WHAT YOU HAVE TO DO: There is a line below that contains "महिलाओं के लिए". Please reproduce it and all following lines exactly, through the final one.

[INPUT DATA Boundary: Start]

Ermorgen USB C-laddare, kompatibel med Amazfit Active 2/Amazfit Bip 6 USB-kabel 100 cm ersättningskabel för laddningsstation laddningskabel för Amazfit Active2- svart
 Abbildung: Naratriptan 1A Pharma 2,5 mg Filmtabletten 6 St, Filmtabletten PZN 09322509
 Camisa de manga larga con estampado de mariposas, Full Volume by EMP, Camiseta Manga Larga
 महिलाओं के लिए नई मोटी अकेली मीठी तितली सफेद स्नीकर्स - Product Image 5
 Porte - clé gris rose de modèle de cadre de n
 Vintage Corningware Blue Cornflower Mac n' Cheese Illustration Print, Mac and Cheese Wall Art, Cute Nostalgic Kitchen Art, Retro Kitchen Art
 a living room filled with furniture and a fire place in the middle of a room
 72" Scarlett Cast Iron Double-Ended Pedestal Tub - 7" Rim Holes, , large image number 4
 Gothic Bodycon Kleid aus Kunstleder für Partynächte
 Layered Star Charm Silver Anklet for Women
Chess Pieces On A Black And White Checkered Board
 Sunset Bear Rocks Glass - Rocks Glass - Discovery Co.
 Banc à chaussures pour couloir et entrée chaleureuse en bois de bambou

[INPUT DATA Boundary: End]

RESPONSE TO THE EXERCISE:
 महिलाओं के लिए नई मोटी अकेली मीठी तितली सफेद स्नीकर्स - Product Image 5
 Porte - clé gris rose de modèle de cadre de n
 Vintage Corningware Blue Cornflower Mac n' Cheese Illustration Print, Mac and Cheese Wall Art, Cute Nostalgic Kitchen Art, Retro Kitchen Art
 a living room filled with furniture and a fire place in the middle of a room
 72" Scarlett Cast Iron Double-Ended Pedestal Tub - 7" Rim Holes, , large image number 4
 Gothic Bodycon Kleid aus Kunstleder für Partynächte
 Layered Star Charm Silver Anklet for Women
Chess Pieces On A Black And White Checkered Board
 Sunset Bear Rocks Glass - Rocks Glass - Discovery Co.
 Banc à chaussures pour couloir et entrée chaleureuse en bois de bambou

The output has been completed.